If anyone wants evidences of this "Asia Rising" phenomenon, he should only look at some statistics. East Asia's exports rose from 14 per cent of the world's total in 1980 to 27 per cent in 2006. The region's total imports expanded from 15 per cent to 24 per cent during the same period.
Foreign direct investment (FDI) inflows into East Asia, including Japan, more than tripled from 5 per cent of world's total in 1980 to 2005. And the region's share of FID outflows increased from 5 per cent to 10 per cent during the same period.
But what is more important is the fact that such growth has been accompanied by the parallel rise in intra-regional trade - among the countries in East Asia themselves.
Now more than 50 per cent of the region's trade is among itself. While that figure is less than the 65 per cent the members of the EU achieved when they were only 15 in 1990, it is more than the 47 per cent the North America Free Trade Area (Nafta) attained in 2000.
Encouraged by such growth and a real prospect of more good things to come, leaders in the region now begin to take their potential seriously.
It is in that manner that the Asean leaders are trying to turn the "challenge of the rise of China and India" into "the boon of the rise of East Asia". But they realise too that this new model of economic cooperation could be perceived as a potential "fortress Asia", as the EU was once feared. They need to keep their promise of "open regionalism".
They decided to bring in Australia and New Zealand to give a semblance of a friendly regional bloc. For their part, the "two Europeans in Asia" are eager to play their role as members of the new community.
All this proves that the tangled web of relations created by the Asean processes of Dialogue Partnership are now producing results in more ways than were originally intended. The Asean leaders have been able to re-invent their organisation to occupy centre stage as the rest of Asia hastily builds a larger community.
If Western Europe rose from the rubble of World War II to become the Common Market and the EU, East Asia has its financial crisis of the late 1990s to give it impetus to create a community of its own.

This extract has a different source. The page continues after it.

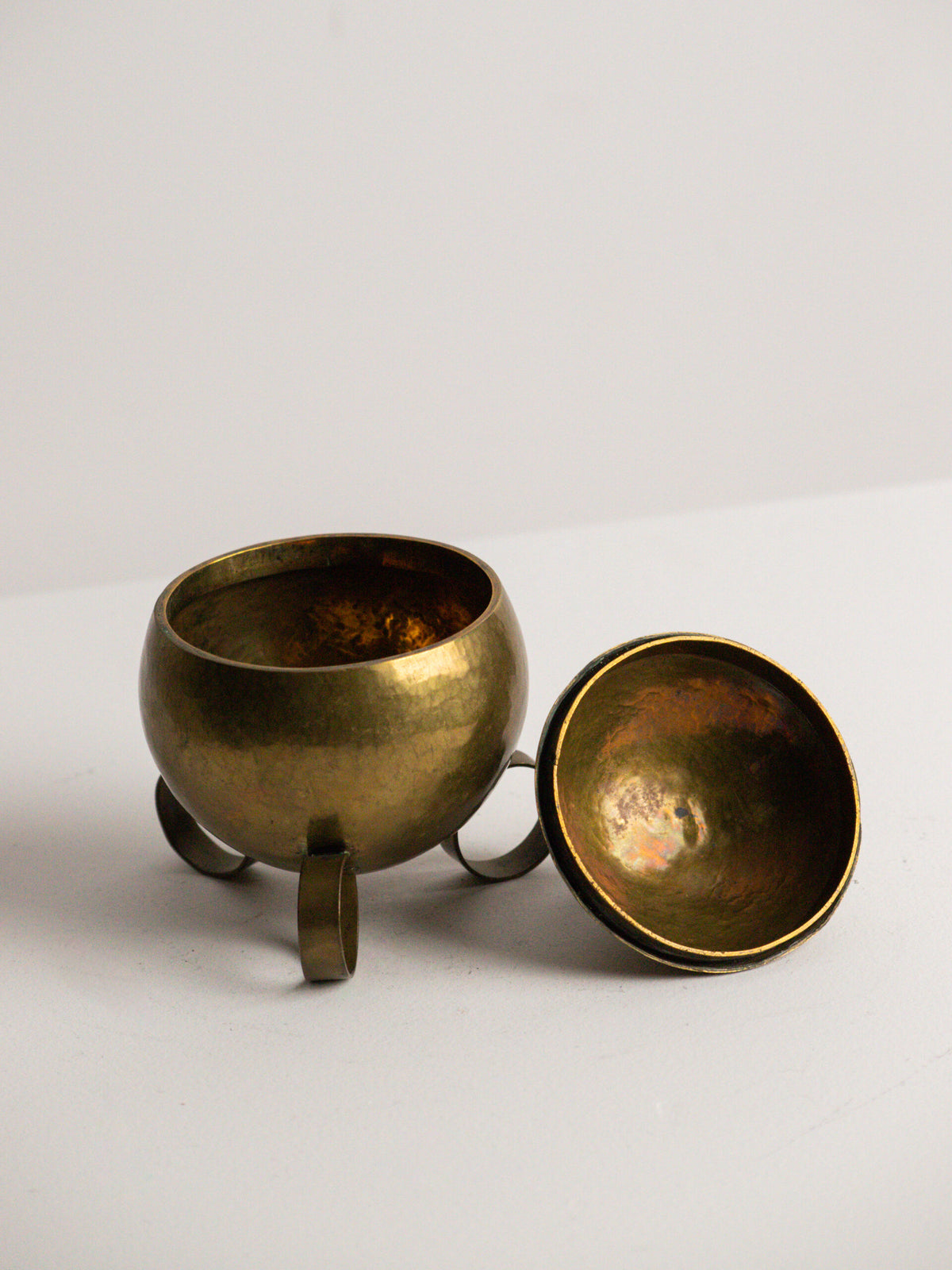 Hand Raised Brass Sphere Box with Toothed Zigzag Finial, Art Deco Style, Central European Workshop, circa 1930s — lifestyle setting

Whether or not the Asean leaders succeed in the "double strategies of consolidation and enlargement" will be interesting to watch. They are now at the World Economic Forum (WEF) at Davos. Led by Prime Minister Lee Hsien Loong of Singapore, its current Chair, the Asean leadership is taking a proactive approach to engaging the world. They know where the global power is, and are willing to bring their enthusiasm and dynamism to their counterparts who have been shaken by the delayed aftermath of the US sub-prime fiasco.
They are here against the backdrop of volatile financial markets around the world, including in East Asia. In this year's subdued and uncertain WEF, it will be interesting to see if East Asia will be able to reassure the world of its own strategy to help pull the global economy out of its current volatility.
Because of its sheer size and pace of growth, East Asia has a responsibility to reassure the world that the strategies and decisions to bring stability to its own financial markets will not compound the severity of the problem. If the East Asian leaders can assure the world gathered here this week that they can help fix the imbalances in trade, currency exchange rates and discrepancies created by the dizzying pace of growth in their part of the world, a little calm could return to the world financial markets.
That reassurance will also benefit Asean because of the connectivity between Southeast and Northeast Asia. And it will deliver a powerful message: that an East Asian Community has emerged with efficiency, responsibility and confidence.
Thus, the double strategies of the Asean leaders will prove effective and believable. Asean is undeniably a leading region at the heart of dynamic Asia.
Surin Pitsuwan is secretary-general of Asean.